Alors que les bilans commencent à tomber pour l’année 2022 et témoignent de la reprise dans le transport aérien, le SCARA s’inquiète que l’Etat puisse oublier que la crise n’est pas terminée. « Les compagnies aériennes sont toujours à la peine », témoigne Jean-François Dominiak. Toutes souffrent de l’inflation et de la hausse des prix de l’énergie et du carburant. Certaines n’ont pas reçu d’aides durant la crise et sont en difficulté aujourd’hui – à l’image d’Air Caraïbes et French bee (à la FNAM), qui devraient être déficitaires cette année encore. D’autres voient arriver les échéances de remboursement des PGE (Prêts garantis par l’Etat) avec une hausse des taux. Toutes doivent faire face à la « concurrence de majors qui ont été massivement subventionnées par leur Etat ».
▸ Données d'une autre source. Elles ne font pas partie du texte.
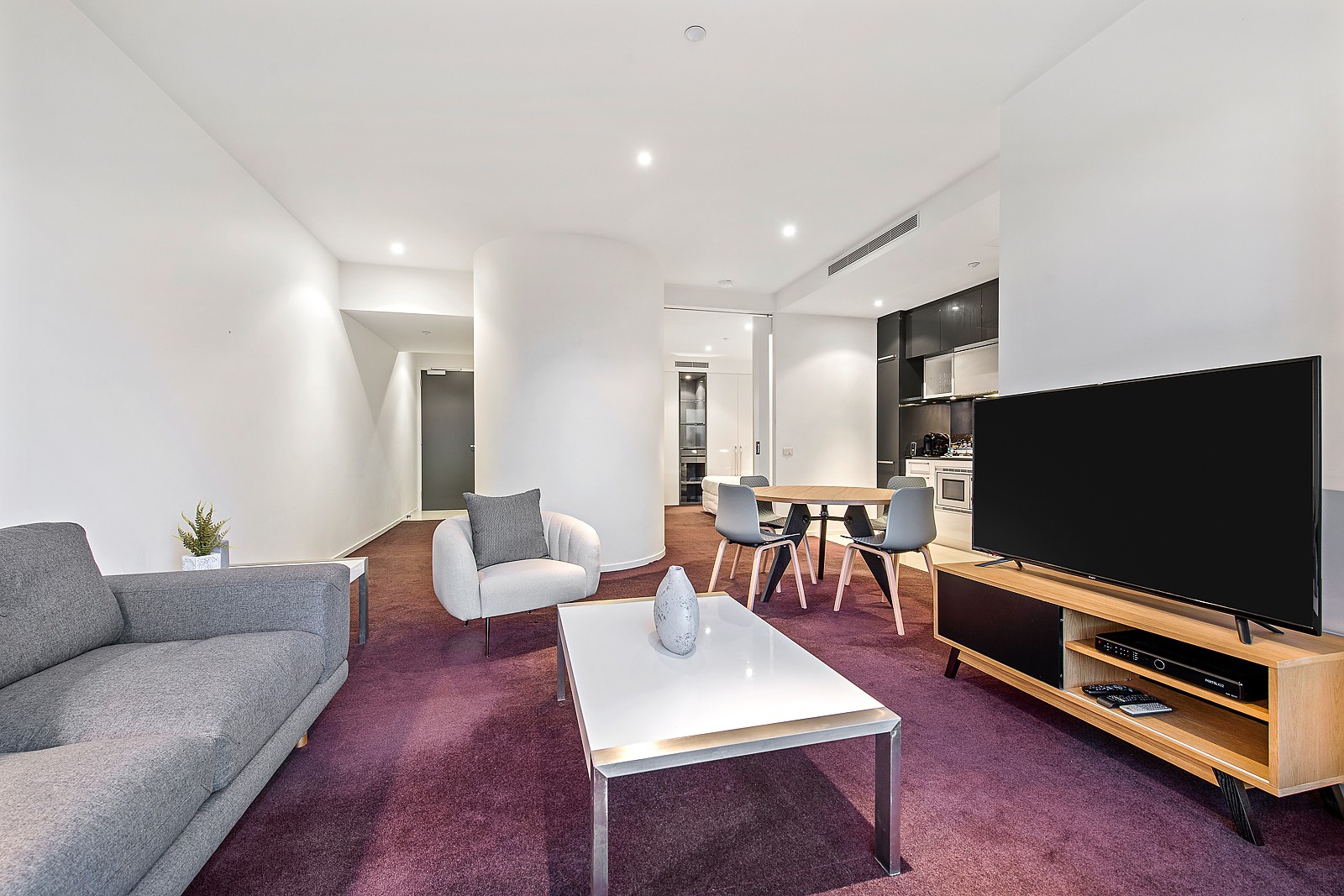 4503/7 Riverside Quay, Southbank, VIC 3006, Southbank - Thumbnail 4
« Nous souhaitons que l’Etat en prenne conscience » et vienne soutenir le secteur. Le SCARA demande pour cela l’annulation des dettes sur la taxe d’aéroport et sur la couverture du déficit de la DGAC et la renégociation au cas par cas des PGE. Autre demande – portée depuis des années -, il souhaite une réflexion sur le financement des activités régaliennes. Le syndicat « considère qu’il n’est pas du ressort des transporteurs de renflouer les déficits de l’Aviation civile lorsque le trafic aérien est en baisse », pas plus que le financement des services en aéroport (contrôle bagages, police aux frontières…).
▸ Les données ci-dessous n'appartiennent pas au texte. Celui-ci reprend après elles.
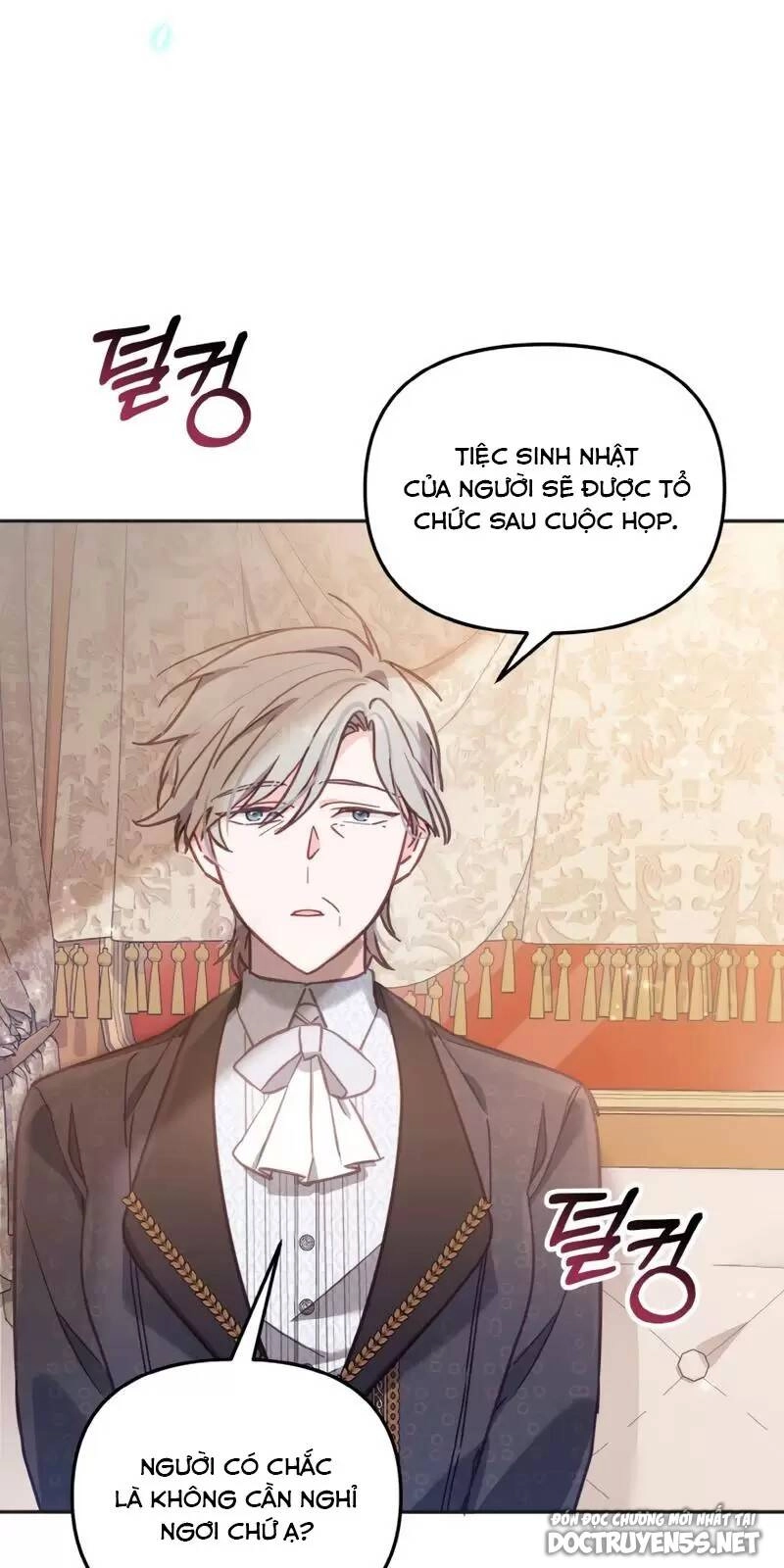 Không Có Nơi Nào Dành Cho Công Chúa Giả Mạo Chapter 17 - 64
La réflexion doit également s’étendre au modèle économique des aéroports, afin de redéfinir leurs missions. Le SCARA dénonce de nouveau le principe de la double caisse, qui permet aux aéroports de profiter de la chalandise des transporteurs en se transformant en centres commerciaux mais empêche le partage équitable des bénéfices avec ces mêmes transporteurs qui sont les seuls à faire se déplacer les clients vers ces centres commerciaux. Il s’insurge également contre la tendance des aéroports à moduler leurs redevances en fonction des performances environnementales des aéronefs qui opèrent. « De quel droit une infrastructure impose-t-elle des choix à une compagnie sur la façon de réaliser ses opérations ? C’est un rôle qui revient à l’Etat », souligne Jean-François Dominiak.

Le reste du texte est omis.